#### Entries provided:
────────────────

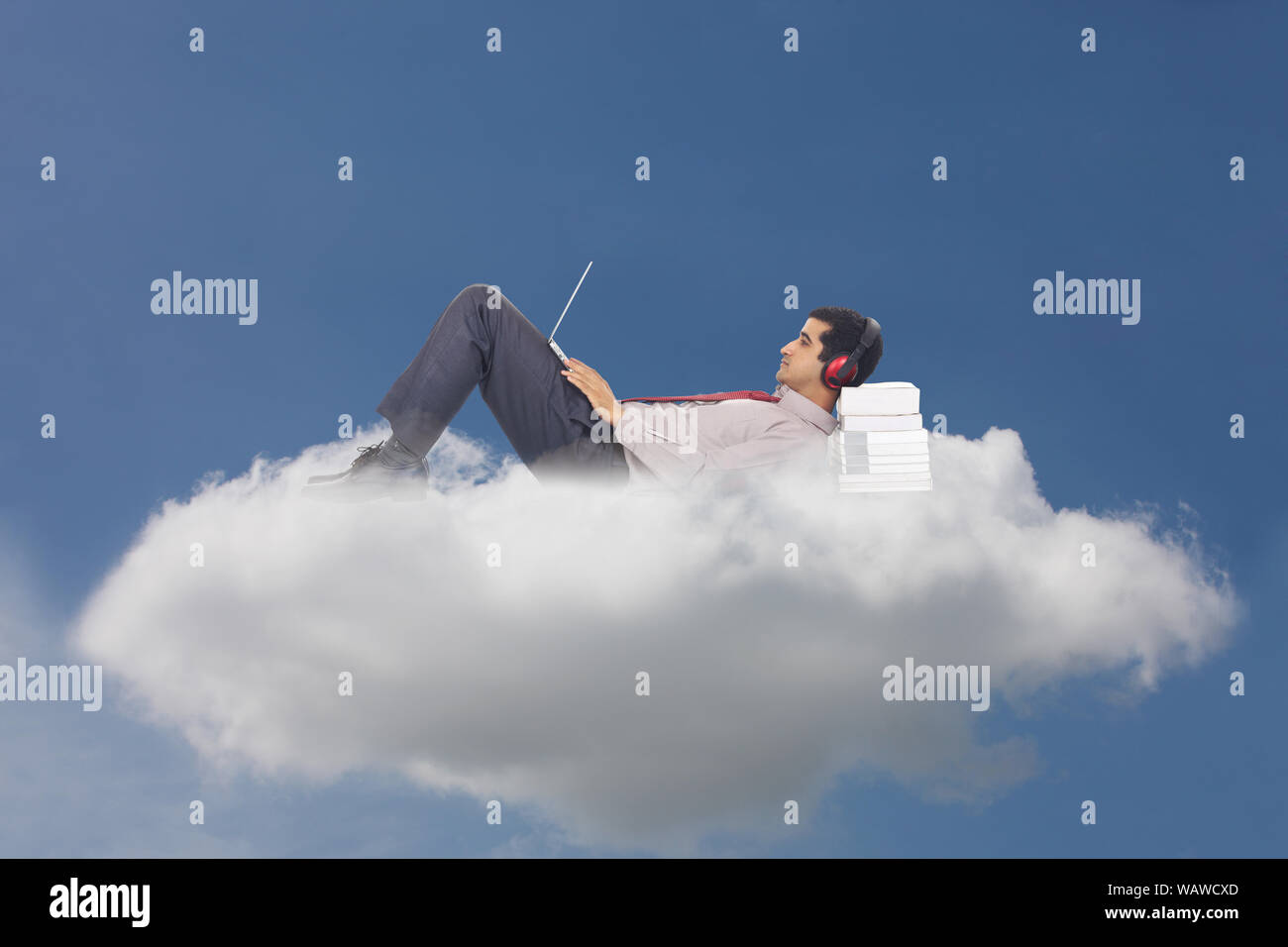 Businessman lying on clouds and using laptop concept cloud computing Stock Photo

────────────────

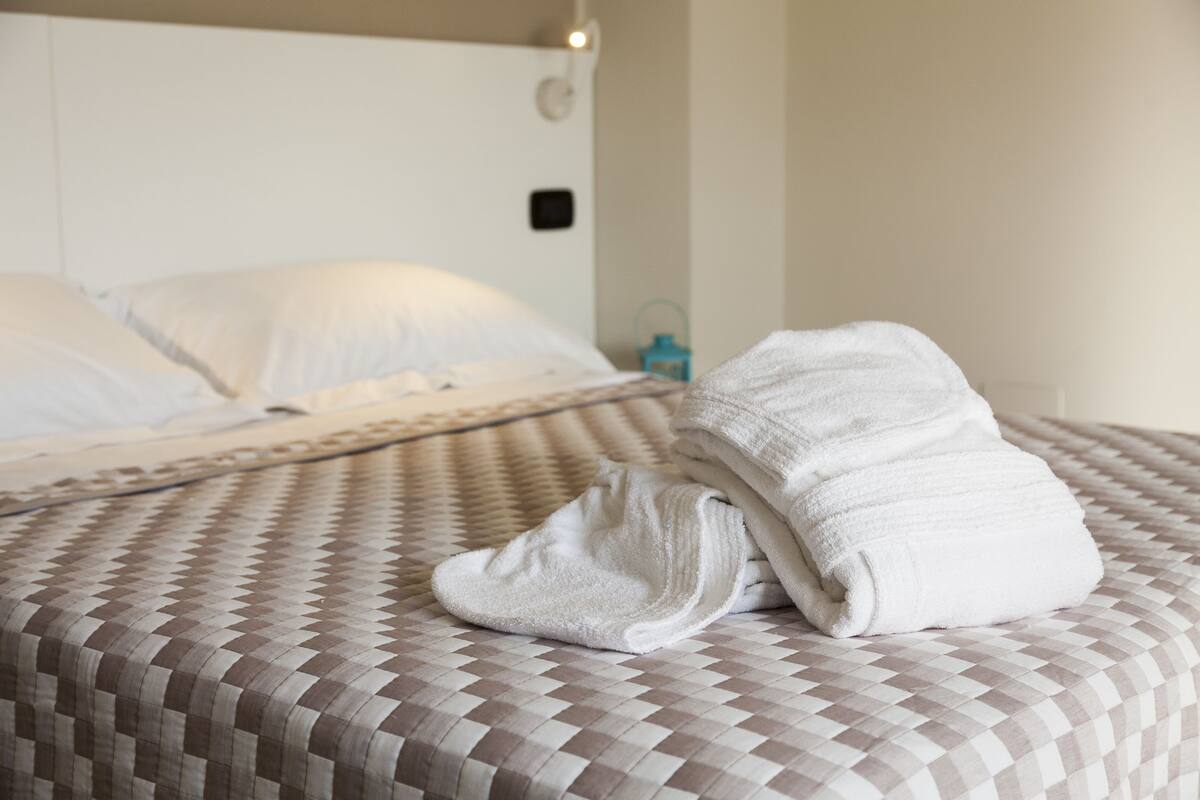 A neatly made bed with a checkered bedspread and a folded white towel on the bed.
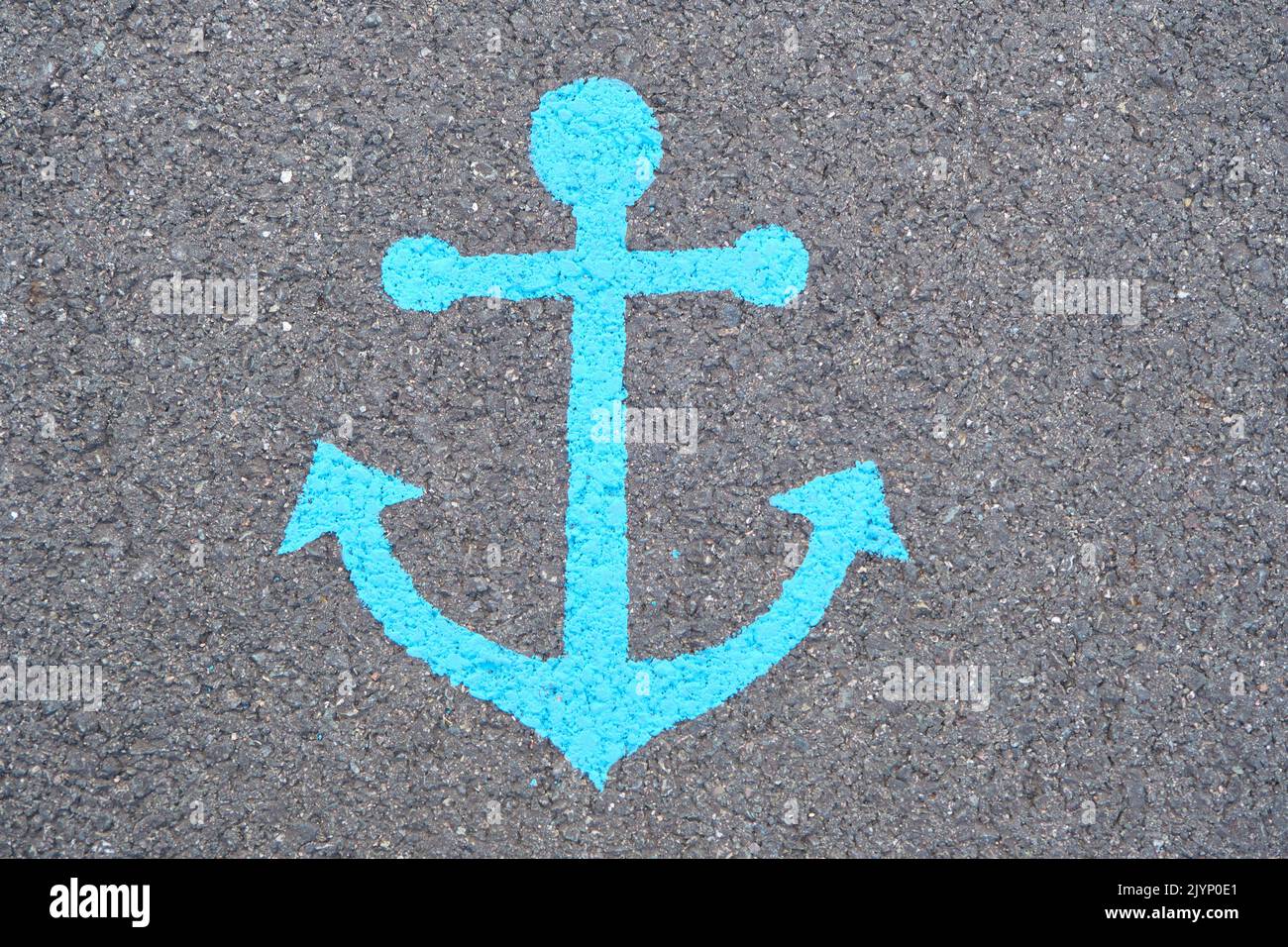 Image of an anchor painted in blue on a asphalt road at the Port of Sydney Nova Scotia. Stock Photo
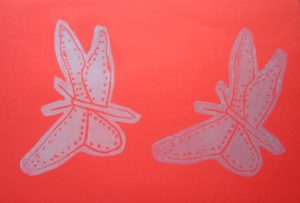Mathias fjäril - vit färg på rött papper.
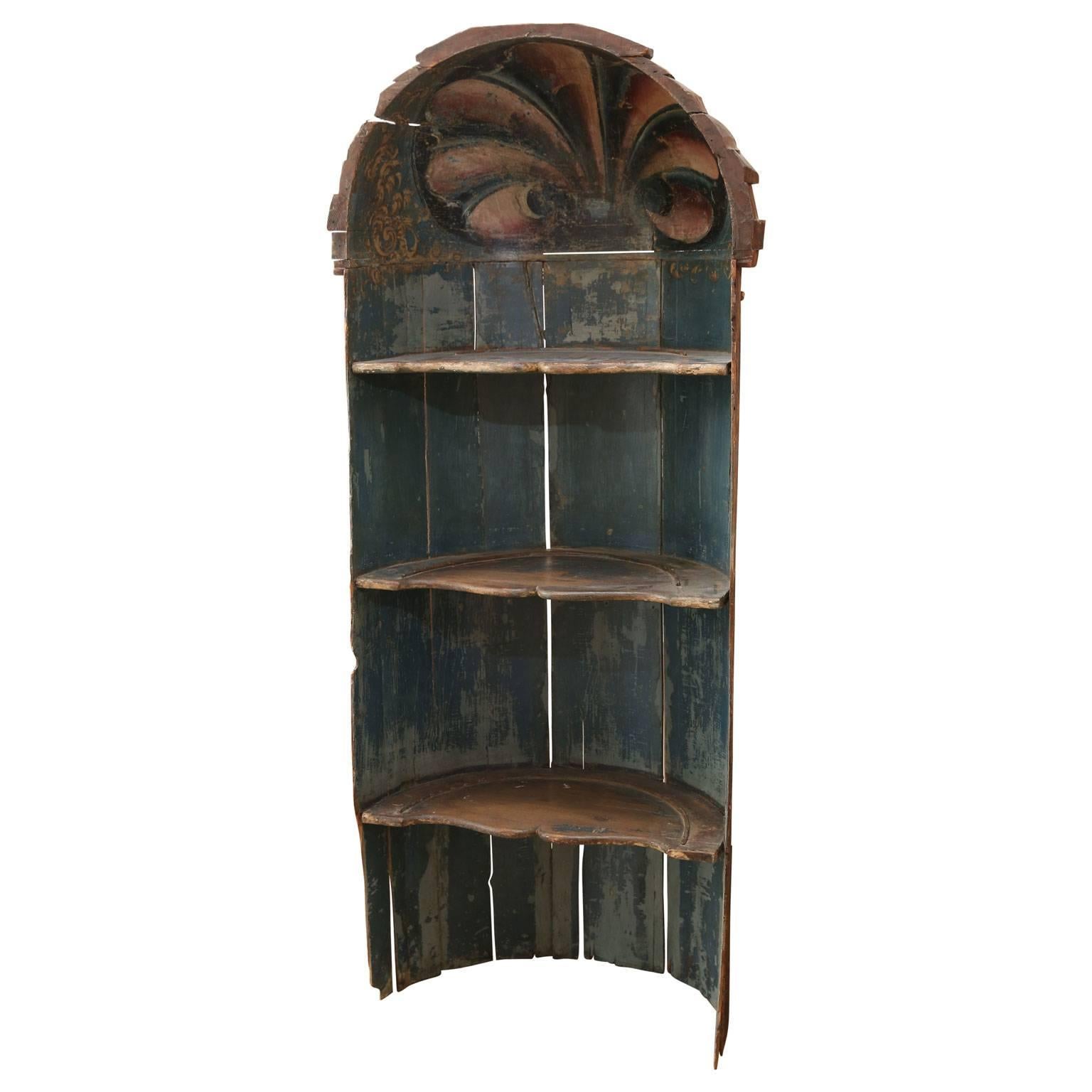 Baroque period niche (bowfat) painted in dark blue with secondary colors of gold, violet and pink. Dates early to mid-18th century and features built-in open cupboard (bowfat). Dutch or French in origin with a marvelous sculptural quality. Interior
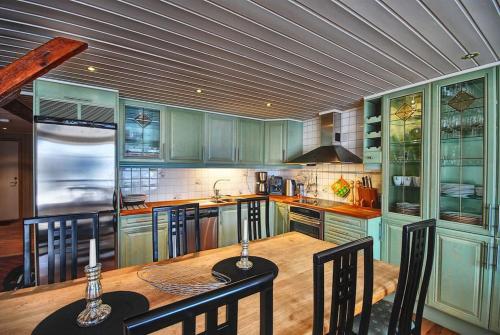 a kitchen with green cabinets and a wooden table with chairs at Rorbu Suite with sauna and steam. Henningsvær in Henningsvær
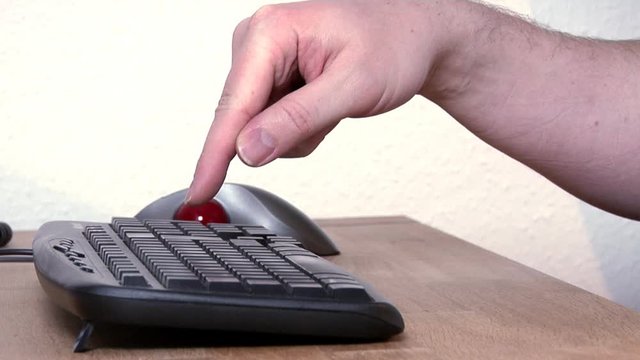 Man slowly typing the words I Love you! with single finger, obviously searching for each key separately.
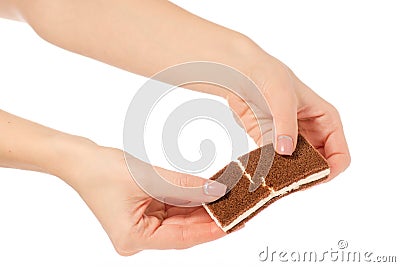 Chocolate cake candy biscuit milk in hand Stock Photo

────────────────

#### The task:
From the records above, copy only the lines running from the line containing "Baroque period niche" to the line containing "Chocolate cake candy", both ends included. Leave the pictures out.

#### Task solution:
 Baroque period niche (bowfat) painted in dark blue with secondary colors of gold, violet and pink. Dates early to mid-18th century and features built-in open cupboard (bowfat). Dutch or French in origin with a marvelous sculptural quality. Interior
 a kitchen with green cabinets and a wooden table with chairs at Rorbu Suite with sauna and steam. Henningsvær in Henningsvær
 Man slowly typing the words I Love you! with single finger, obviously searching for each key separately.
 Chocolate cake candy biscuit milk in hand Stock Photo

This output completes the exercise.